HR: Hazard ratio; IPTW: Inverse probability of treatment weighting; KM: Kaplan–Meier; PSM: Propensity score matching.

Series of survival curves showing a scenario where patients who switch treatment are initially healthier but worsen after switching, and how different analysis methods influence the findings. — Figure 4. Kaplan–Meier curves for scenarios where switchers are healthier prior to switching and become sicker after switching because the new treatment does not help.
Continuers plotted in yellow, switchers plotted in blue. KM plots are, respectively, for **(A)** event outcome for pre-switch for the true simulation; **(B)** event outcome for post-switch for the true simulation; **(C)** event outcome in the follow-up period from treatment initiation to follow-up end for the continuers, and from treatment switching to follow-up end for the switchers; **(D)** event outcome for pre-switch period after assigning pseudo-switching time; **(E)** event outcome for post-switch period after assigning pseudo-switching time; **(F)** event outcome similar to scenario in D, but further matched continuers and switchers based on the pseudo-switching time/switching time and event risk pre-switch; **(G)** event outcome similar with scenario in E, but further matched continuers and switchers based on the pseudo-switching time/switching time and risk of pre-switch. **(H)** Event outcome similar to scenario in D, but further weighted continuers and switchers on event risk pre-switch using IPTW; **(I)** event outcome similar with scenario in E, but further weighted continuers and switchers based on the pseudo-switching time/switching time and risk of event pre-switch using IPTW.
HR: Hazard ratio; IPTW: Inverse probability of treatment weighting; KM: Kaplan–Meier; PSM: Propensity score matching.

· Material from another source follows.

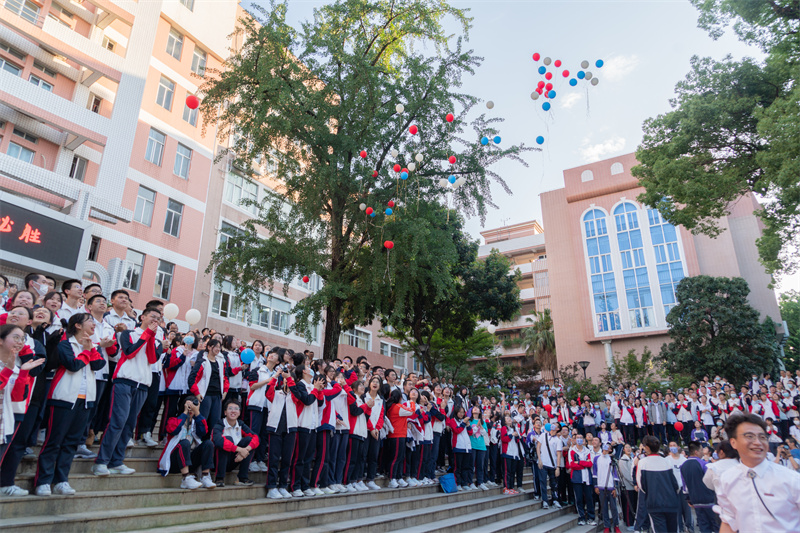 同学释放减压气球 学校供图.jpg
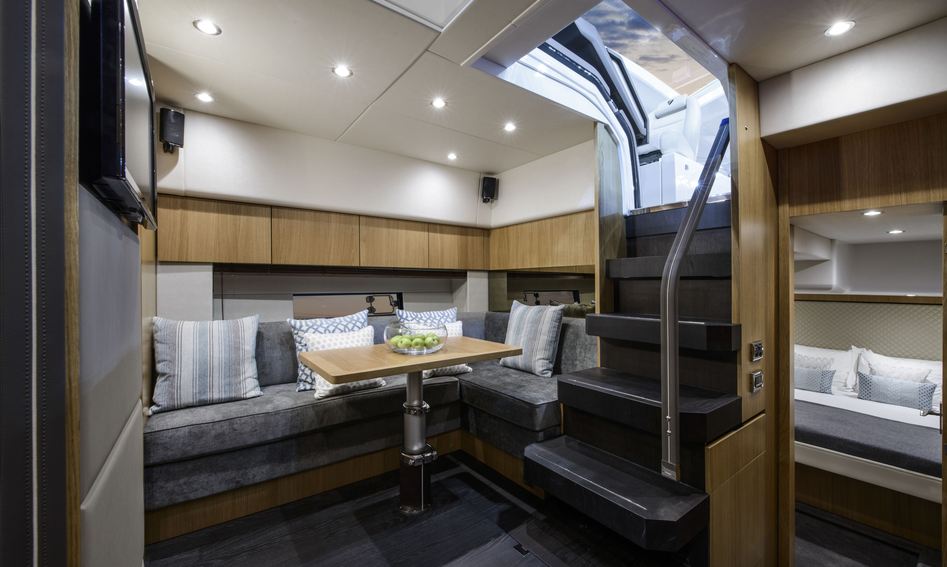 Fairline Targa 50 Open, Interior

For the ‘sicker switchers, treatment helps’ scenario (true HR = 0.7; Figure 3), the KM curves from the true simulated data show that switchers had a higher risk of events than continuers before switching (Figure 3A), consistent with the higher confounder values assigned to switchers. After switching, the KM curves (Figure 3B) show that switchers had a higher event rate than continuers, reflecting the beneficial treatment effect was confounded by the confounders.

When continuers were not assigned pseudo-switching times and were evaluated from treatment initiation (the conventional approach; Figure 3C), the pattern was similar. However, including the pre-switch period introduces a different time period with a different baseline hazard than the post-switch period, which could result in more biased estimates, as shown in the factorial simulation results (Figure 5).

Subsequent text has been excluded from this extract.